SUPPLIED INFORMATION:
○ ○ ○ ○

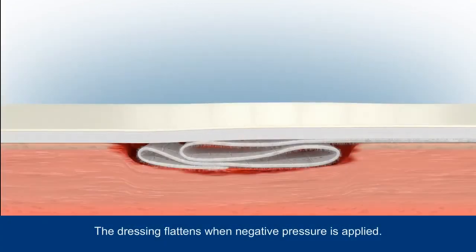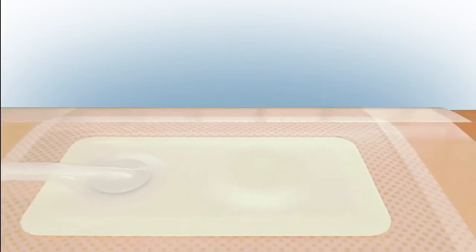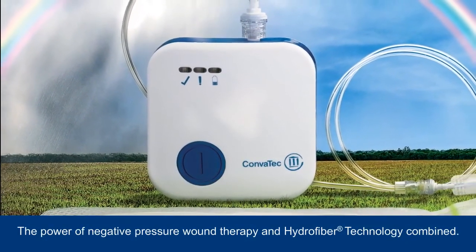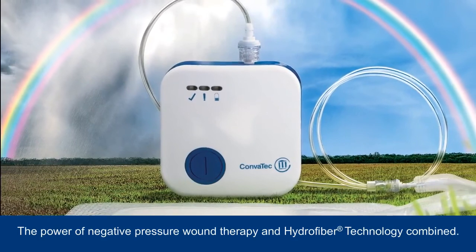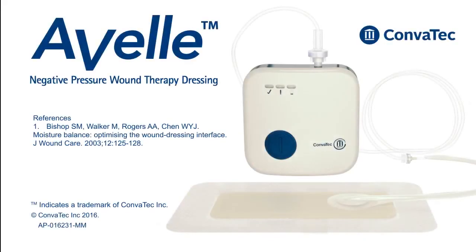The green tick indicator will then begin to flash as therapy is successfully restarted. When negative pressure is applied, air is sucked out of the dressing causing it to flatten. The innovative system brings together the power of negative pressure wound therapy and Hydrofiber technology, which is designed to help create a moist wound environment for healing.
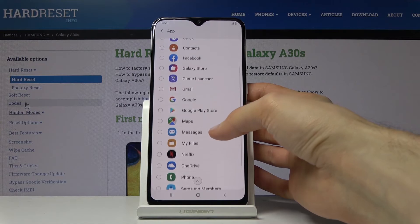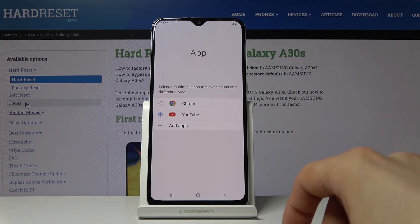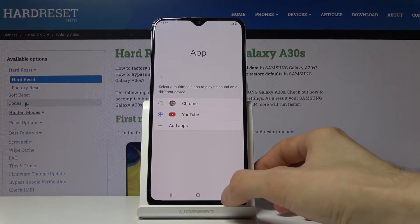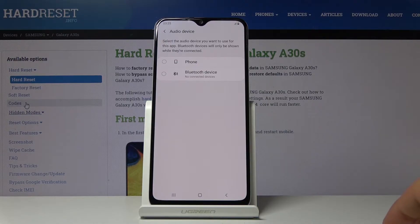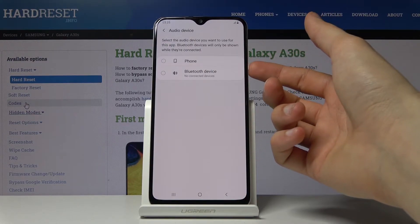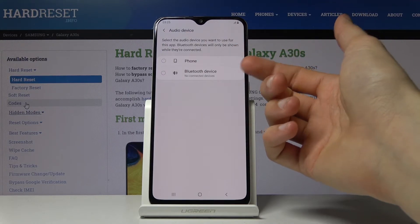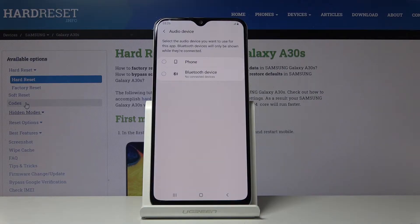Add Spotify or whatever music app you use — just select it and it will appear in the list. As an example I'll stick with YouTube. When you tap Back it opens a window where you choose what YouTube plays through: either Phone or Bluetooth. Whichever you choose, YouTube is locked to that sound source. If you choose Bluetooth and no headphones are connected, it will continuously try to play through Bluetooth and won't output sound through the phone speaker.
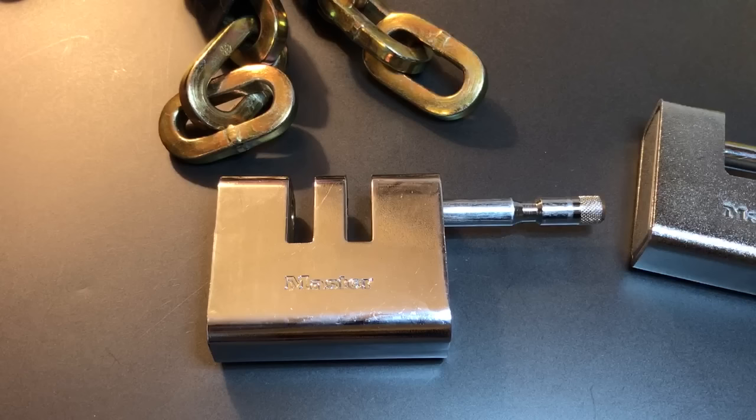BlackDolphin90, thank you very much for sending this lock my way. To everyone else, if you have any questions or comments about this, please put them below. If you like this video and would like to see more like it, please subscribe. And as always, have a nice day. Thank you.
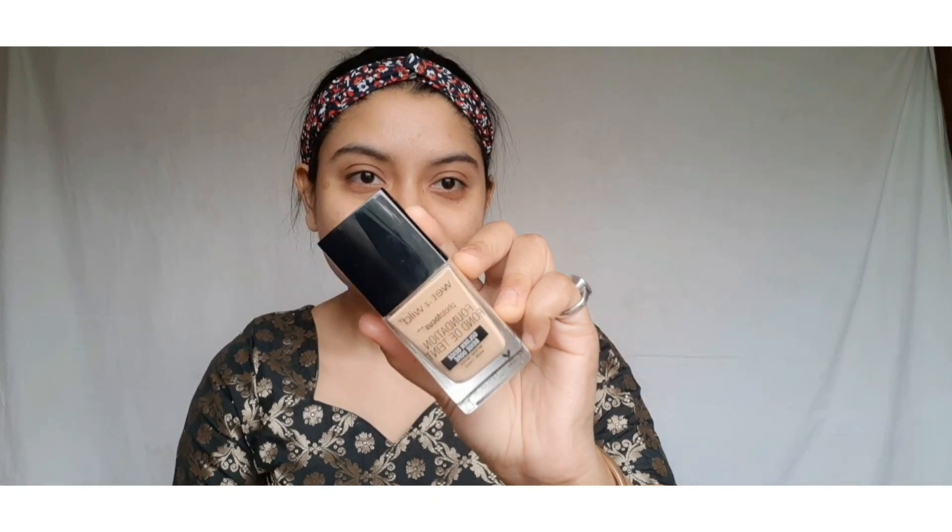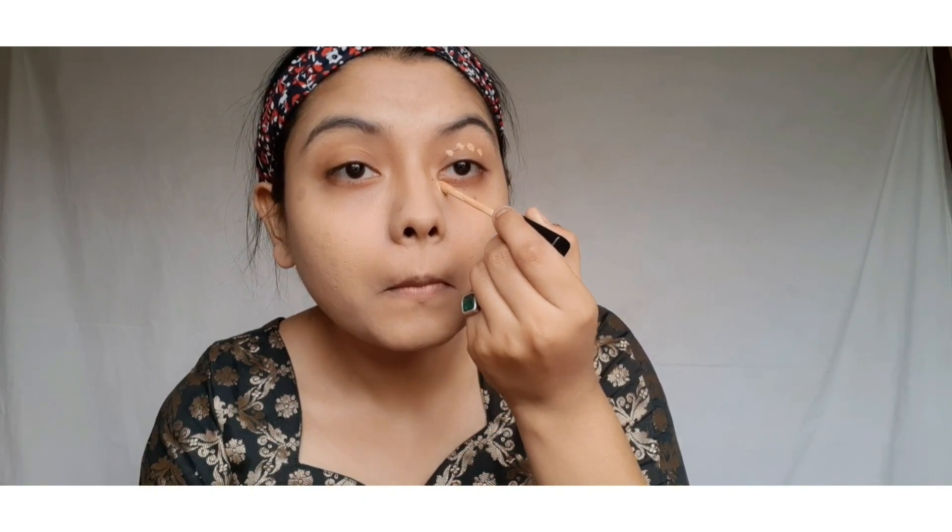The third step is application of foundation. I am using the Wet n Wild Photo Focus Foundation in the shade Golden Beige — I make marks on my face and then blend it seamlessly with a blending brush. I also applied foundation over my neck area since it is exposed, to match the shade of my face with my collarbone. Next, I am using the same concealer over my eyes to conceal dark circles.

○ ○ ○ ○

PROBLEM DESCRIPTION: Produce the material above again in full, with identical lines and no pictures.

WRITTEN SOLUTION:
The green tick indicator will then begin to flash as therapy is successfully restarted. When negative pressure is applied, air is sucked out of the dressing causing it to flatten. The innovative system brings together the power of negative pressure wound therapy and Hydrofiber technology, which is designed to help create a moist wound environment for healing.
Add Spotify or whatever music app you use — just select it and it will appear in the list. As an example I'll stick with YouTube. When you tap Back it opens a window where you choose what YouTube plays through: either Phone or Bluetooth. Whichever you choose, YouTube is locked to that sound source. If you choose Bluetooth and no headphones are connected, it will continuously try to play through Bluetooth and won't output sound through the phone speaker.
BlackDolphin90, thank you very much for sending this lock my way. To everyone else, if you have any questions or comments about this, please put them below. If you like this video and would like to see more like it, please subscribe. And as always, have a nice day. Thank you.
The third step is application of foundation. I am using the Wet n Wild Photo Focus Foundation in the shade Golden Beige — I make marks on my face and then blend it seamlessly with a blending brush. I also applied foundation over my neck area since it is exposed, to match the shade of my face with my collarbone. Next, I am using the same concealer over my eyes to conceal dark circles.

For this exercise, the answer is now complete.